You could pull together a similar toolkit a lot more cheaply by reading Chris Voss's book on negotiation, Never Split The Difference. The security consultant worked as the FBI's lead hostage negotiator for 15 years so, as he says, his negotiation tips are based on real-life examples – because if his tools didn't work, "someone died".

Voss taught students at the Harvard Negotiating Project, the university’s classes on the topic, and says classroom learning is generally based on rational logic and separating the person, and emotion, from the problem.

But, he says, there’s a problem in that humans are not generally rational. “We are always an animal,” he says, and we act first and foremost from our “deeply held but mostly invisible and inchoate fears, needs, perceptions and desires”.

This is why the FBI learnt how to deal in psychological skills, Voss says, to calm people down and establish rapport, rather than learn “quid pro quo” bargaining. In hostage negotiations, you need to get everything you ask for “without giving anything back of substance”.

His key tips for business deals are to use active listening, then “mirror” or repeat the three to five critical words of what your counterpart has just said to show you’ve heard, which encourages them to elaborate and build the connection further.

You always have to be prepared to walk away, Voss stresses, “never be needy for a deal”. And don’t show anger but, rather, “strategic umbrage”, using a line like, “I don’t see how that would ever work”.

Voss says “tactical empathy” is the key to his technique, and he provides a step-by-step guide to negotiating hard in one chapter, as well as how to deal with the “black swan” outlier events for which his consultancy is named.

The appendix of tactics and strategies is a helpful reminder but no use without reading the book through first – don’t think you can just flip to the end.

And those key tricks I learnt?

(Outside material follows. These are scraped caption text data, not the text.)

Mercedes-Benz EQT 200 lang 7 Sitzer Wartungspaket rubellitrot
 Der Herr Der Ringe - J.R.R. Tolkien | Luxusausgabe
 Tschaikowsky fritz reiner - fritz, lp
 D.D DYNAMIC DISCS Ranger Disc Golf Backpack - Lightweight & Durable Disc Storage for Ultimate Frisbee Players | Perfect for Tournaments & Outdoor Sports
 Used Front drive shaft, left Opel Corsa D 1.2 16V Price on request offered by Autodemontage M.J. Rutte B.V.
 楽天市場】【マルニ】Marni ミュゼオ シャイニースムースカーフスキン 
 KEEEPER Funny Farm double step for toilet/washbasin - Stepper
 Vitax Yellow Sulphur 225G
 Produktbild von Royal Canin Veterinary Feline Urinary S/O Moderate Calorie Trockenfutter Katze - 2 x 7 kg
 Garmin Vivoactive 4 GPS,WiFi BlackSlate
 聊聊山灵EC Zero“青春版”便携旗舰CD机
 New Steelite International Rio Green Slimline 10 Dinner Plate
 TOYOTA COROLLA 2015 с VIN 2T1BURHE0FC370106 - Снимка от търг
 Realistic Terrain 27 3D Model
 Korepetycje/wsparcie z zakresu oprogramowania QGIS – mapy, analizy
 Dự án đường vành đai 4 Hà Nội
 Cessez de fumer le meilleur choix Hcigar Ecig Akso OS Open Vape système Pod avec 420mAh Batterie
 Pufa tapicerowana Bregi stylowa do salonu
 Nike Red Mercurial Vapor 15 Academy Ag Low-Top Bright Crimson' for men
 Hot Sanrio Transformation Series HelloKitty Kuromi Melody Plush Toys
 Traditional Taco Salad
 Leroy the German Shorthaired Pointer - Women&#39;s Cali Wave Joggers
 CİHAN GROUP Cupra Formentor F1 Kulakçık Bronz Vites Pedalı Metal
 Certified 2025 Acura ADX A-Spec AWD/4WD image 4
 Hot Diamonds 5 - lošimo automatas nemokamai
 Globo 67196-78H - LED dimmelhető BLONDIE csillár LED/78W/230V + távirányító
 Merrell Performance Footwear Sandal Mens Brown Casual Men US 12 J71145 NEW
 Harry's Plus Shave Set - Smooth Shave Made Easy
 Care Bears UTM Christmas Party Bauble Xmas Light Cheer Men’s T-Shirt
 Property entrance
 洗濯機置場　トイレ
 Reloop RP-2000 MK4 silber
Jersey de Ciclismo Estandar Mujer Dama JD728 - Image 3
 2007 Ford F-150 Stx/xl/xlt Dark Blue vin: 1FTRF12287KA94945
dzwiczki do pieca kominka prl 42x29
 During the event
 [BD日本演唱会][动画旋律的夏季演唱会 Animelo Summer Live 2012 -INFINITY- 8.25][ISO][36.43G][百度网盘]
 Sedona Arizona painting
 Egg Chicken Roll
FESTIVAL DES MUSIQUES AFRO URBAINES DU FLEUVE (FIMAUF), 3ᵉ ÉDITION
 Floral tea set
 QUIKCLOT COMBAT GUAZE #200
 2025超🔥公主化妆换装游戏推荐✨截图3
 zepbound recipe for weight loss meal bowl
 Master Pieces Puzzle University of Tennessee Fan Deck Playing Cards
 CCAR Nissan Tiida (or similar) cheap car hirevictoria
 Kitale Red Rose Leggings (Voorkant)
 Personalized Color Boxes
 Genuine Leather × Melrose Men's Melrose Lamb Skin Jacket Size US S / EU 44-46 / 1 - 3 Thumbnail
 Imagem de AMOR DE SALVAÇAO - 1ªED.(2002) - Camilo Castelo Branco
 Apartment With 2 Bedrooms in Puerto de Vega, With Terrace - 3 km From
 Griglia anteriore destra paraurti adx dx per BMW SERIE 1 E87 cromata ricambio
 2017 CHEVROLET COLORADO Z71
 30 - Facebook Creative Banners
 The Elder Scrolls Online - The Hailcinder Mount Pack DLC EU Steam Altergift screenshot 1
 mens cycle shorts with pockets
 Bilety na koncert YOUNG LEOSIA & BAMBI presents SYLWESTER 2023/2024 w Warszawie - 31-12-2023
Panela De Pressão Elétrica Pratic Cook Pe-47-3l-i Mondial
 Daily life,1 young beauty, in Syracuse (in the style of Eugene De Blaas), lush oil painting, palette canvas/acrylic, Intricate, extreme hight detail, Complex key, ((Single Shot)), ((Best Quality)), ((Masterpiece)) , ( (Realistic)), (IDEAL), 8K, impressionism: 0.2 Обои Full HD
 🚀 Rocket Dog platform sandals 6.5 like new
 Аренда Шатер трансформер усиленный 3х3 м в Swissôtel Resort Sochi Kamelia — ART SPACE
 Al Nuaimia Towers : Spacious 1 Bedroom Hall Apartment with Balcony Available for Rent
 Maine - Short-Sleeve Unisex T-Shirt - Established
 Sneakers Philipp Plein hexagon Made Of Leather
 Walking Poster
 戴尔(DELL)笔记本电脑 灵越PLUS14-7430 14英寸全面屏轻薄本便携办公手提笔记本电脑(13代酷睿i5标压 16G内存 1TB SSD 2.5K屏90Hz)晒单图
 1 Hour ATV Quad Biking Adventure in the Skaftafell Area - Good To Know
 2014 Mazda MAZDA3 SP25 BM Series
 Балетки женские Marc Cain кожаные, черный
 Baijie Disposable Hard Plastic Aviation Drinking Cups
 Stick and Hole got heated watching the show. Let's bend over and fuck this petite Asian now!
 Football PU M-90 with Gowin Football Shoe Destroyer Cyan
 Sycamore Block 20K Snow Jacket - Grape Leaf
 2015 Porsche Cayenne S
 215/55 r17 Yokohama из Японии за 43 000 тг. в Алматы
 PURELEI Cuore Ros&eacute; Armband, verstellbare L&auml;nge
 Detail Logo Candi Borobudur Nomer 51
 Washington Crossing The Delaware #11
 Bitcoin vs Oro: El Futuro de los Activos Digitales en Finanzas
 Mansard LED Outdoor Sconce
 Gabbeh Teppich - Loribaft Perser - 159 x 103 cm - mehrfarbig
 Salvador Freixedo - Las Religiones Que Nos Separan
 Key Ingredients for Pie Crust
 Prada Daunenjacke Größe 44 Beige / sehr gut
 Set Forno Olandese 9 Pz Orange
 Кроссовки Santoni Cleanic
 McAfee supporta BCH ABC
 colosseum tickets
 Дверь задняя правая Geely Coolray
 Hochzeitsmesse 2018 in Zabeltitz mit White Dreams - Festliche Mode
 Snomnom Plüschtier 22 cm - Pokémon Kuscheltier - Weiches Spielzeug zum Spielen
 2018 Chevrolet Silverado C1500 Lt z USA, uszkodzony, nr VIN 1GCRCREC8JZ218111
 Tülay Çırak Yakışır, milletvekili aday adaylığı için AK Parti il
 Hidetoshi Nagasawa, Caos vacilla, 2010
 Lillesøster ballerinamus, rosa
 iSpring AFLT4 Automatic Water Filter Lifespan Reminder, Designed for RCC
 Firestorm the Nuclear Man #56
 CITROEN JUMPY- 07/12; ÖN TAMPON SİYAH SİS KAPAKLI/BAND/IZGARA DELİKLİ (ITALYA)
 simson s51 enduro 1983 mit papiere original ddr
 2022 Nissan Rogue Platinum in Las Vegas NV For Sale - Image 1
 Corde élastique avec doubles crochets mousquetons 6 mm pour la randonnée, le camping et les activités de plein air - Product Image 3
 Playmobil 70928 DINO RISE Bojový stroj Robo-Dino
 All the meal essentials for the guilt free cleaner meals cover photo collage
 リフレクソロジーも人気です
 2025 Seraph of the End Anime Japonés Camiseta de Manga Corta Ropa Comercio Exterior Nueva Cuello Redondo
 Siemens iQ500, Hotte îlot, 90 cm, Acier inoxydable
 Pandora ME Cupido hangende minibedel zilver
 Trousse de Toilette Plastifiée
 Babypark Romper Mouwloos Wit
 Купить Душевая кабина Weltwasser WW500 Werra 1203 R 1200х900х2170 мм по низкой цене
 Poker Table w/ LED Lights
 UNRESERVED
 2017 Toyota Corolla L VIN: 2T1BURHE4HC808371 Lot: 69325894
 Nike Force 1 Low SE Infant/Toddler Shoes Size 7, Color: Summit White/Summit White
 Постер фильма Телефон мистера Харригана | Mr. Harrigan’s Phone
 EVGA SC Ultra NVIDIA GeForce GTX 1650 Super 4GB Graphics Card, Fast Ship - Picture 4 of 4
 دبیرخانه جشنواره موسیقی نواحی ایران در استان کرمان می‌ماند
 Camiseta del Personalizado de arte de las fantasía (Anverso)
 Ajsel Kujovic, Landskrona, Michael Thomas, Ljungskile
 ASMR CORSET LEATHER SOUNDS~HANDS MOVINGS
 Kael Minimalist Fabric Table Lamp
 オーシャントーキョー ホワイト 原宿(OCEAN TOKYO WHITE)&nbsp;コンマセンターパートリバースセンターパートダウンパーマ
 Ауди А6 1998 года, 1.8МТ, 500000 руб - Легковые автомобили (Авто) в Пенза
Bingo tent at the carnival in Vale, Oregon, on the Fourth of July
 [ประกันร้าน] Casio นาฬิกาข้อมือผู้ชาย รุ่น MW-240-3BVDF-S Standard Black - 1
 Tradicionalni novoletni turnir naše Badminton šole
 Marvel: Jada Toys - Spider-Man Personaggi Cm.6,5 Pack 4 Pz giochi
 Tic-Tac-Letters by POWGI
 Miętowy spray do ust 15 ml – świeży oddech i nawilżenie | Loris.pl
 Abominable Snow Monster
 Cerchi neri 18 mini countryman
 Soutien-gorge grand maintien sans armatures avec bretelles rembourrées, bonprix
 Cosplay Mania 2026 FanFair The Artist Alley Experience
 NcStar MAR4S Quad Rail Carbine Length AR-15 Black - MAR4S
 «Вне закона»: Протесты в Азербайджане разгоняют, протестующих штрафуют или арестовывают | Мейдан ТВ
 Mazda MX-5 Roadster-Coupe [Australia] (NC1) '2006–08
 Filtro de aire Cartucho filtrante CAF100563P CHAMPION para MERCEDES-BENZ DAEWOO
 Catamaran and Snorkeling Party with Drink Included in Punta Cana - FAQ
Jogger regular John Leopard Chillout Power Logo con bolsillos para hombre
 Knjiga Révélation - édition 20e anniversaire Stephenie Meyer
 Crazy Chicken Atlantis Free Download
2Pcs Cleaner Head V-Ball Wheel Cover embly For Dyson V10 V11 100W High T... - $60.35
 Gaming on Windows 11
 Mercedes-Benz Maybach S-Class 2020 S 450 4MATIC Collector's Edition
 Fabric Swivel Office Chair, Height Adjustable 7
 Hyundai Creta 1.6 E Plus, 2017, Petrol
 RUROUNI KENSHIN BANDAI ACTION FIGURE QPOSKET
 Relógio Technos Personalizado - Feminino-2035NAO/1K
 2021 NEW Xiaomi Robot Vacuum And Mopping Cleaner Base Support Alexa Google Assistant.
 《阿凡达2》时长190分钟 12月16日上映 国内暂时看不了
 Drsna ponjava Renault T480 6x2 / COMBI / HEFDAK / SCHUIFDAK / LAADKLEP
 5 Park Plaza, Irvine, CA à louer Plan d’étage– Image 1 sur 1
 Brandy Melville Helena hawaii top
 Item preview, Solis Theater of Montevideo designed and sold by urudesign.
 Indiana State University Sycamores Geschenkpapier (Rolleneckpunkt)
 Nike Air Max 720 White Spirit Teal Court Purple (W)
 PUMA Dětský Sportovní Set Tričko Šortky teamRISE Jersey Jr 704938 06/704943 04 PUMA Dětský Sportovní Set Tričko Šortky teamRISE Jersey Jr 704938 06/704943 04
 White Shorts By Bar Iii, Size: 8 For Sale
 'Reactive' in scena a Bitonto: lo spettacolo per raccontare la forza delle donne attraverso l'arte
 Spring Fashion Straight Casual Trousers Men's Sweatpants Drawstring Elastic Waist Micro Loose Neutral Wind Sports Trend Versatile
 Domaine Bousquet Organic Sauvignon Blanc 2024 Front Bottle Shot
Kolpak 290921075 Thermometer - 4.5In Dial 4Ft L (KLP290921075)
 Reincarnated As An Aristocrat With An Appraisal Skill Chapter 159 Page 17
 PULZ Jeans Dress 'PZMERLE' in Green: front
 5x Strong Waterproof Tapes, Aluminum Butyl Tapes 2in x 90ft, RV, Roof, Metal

I’ll never tell …

Never Split The Difference: Negotiating as if your life depended on it, by Chris Voss, is published by HarperBusiness and available from Amazon.com for US$17.25.

q&a how to best pitch yourself

Suzanne Locke expands on the best ways to negotiate in business based on Chris Voss's Never Split The Difference:

What about my tone of voice?

Voss says there are three tones you should use. There’s the “late-night FM DJ” voice, which means talking slowly and clearly, with a downward inflection, which says you’re in control. Then there’s the positive/playful. The effect is cross-cultural and never lost in translation. Then the direct or assertive tone, but it signals dominance and should be used only rarely.

Should you ask open-ended questions?

Well, Voss says “no” is normally the trigger to start negotiations. He does say you should ask calibrated questions that begin with how? or what?, to make the other party pause and think about how to solve your problem. The best one he offers is: “How am I supposed to do that?”

Is there a formula to money negotiations?

The FBI uses the Ackerman model, says Voss – set your target price in your head, set your first offer at 65 per cent then three further raises of 85 per cent, 95 per cent and 100 per cent of what you want to achieve. And he says you should use a precise, non-rounded number, like $1,829 if you’re aiming for $1,830, to give the figure “credibility”.

What other books are there about negotiation?

Getting to Yes, by Harvard Negotiation Project's Roger Fisher and William Ury, is the most famous and referenced frequently by Voss.